(RV).- (Lc 9, 51-62) Con la
lectura de este domingo empieza la segunda parte del Evangelio de Lucas, y toma
distancia del orden de los relatos de Marcos y Mateo. Se trata de una
peregrinación hacia Jerusalén y los temas claves serán el seguimiento y la vida
cotidiana con Jesús. En esta primera parte del camino, Lucas ha querido reunir
dos relatos con una introducción solemne: “Al acercarse el tiempo de su salida
de este mundo, Jesús tomó la decisión de ir a Jerusalén” (v 51). El plan del
Padre se tenía que cumplir y Jesús lo sabe. El texto griego dice: “afirmó su
rostro para ir a Jerusalén”, recogiendo así el relato anterior sobre su
identidad. Cumpliendo la voluntad de Dios, Jesús nos dice quién es.
Para llegar a Jerusalén
desde Galilea se pasa por Samaria. Allí, Jesús envía por delante unos
mensajeros, pero no los recibieron. El rechazo es parte del camino del discípulo
y Lucas lo sabe. Sin embargo, dos de los discípulos más cercanos, Juan y
Santiago – los mismos que pedirán los primeros puestos (Mt 20,20-23) – quieren
demostrar su “poder”. Tienen en mente la experiencia triunfante de los
mensajeros de Dios de las Escrituras. Es la eterna tentación del creyente:
imponer la verdad con la fuerza. Así, mientras los samaritanos no quieren
aceptar la buena nueva, los discípulos cercanos la interpretan mal. Pero es
caminando con Jesús que se nos renuevan los criterios, el alma y el corazón.
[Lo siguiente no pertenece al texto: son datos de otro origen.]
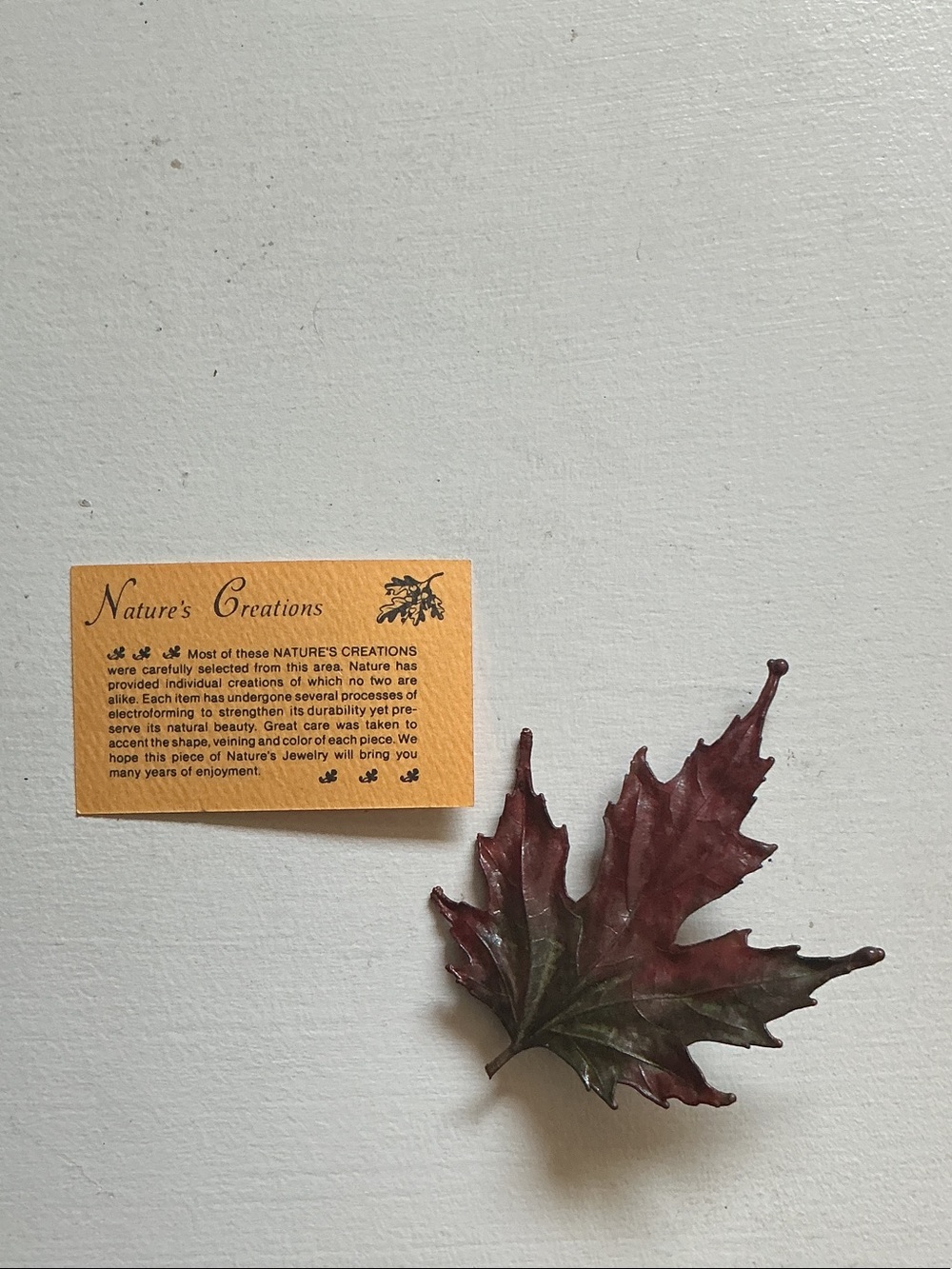 Leaf brooch/pendant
Frente a la imposición y el pensamiento cerrado, Jesús camina entre la
fragilidad y el fracaso. En silencio, los discípulos van aprendiendo del
maestro y “se van a otro pueblo” (v 55), pues siempre habrá un lugar que
necesite de Dios.
La segunda parte del relato
es el reflejo de lo apenas vivido. Mientras que en la primera parte Jesús envía
a sus discípulos y estos lo preceden, ahora se trata de escuchar la invitación
de Jesús y seguirlo. Por ello, es interesante que el evangelista nos presenta
tres casos de experiencias vocacionales distintos pero muy similares a la vez.
El primero quiere seguir a Jesús “a donde quiera que vaya” (v 57). Frente a
este entusiasmo, Jesús es más entusiasta aún y le ofrece la libertad de
sentirse totalmente en las manos de Dios. La exigencia es confianza, y la
confianza es signo del amor. En el segundo caso, es Jesús quien toma la
iniciativa: “Sígueme” (v 59). Este lo reconoce “Señor”, pero antes quiere
cumplir una legítima exigencia de la ley y del corazón: “Honrar a padre y
madre” (Exo 20, 12). La respuesta de Jesús es fuerte: “Deja que los muertos
entierran a sus muertos” (v 60). Pero pasa desapercibida una palabra dicha por
el que quiere seguirlo: “déjame ir primero (πρῶτον) a…”.
Con sus palabras, Jesús no niega la ley y el amor a los padres, sino
que quiere dejar claro que el amor de Dios es prioritario y primero, que es
desde allí que surge todo tipo de amor y anunciar el Reino de Dios es salvar a
todos/as de la muerte y la soledad. Finalmente, la tercera persona vuelve a
cambiar las prioridades: “déjame despedirme primero (πρῶτον) de…” (v
61). Y Jesús, haciendo referencia a las Escrituras, no imita
al profeta Elías, sino que ofrece esa novedad que es radical y
profunda a la vez: mirar para adelante, mirar el Reino y desde allí iluminar
todas las vidas.
En cada uno de nosotros hay
algo de estos personajes. Por eso, ahora sabemos que el seguimiento implica
decisión y no sólo buenos deseos; que siempre habrá algo legítimo que nos
invite a detenernos en el camino y por tanto que el Reino de Dios no es del
“sí, pero…”, sino del “Sí, Jesús, y contigo para todos/as”.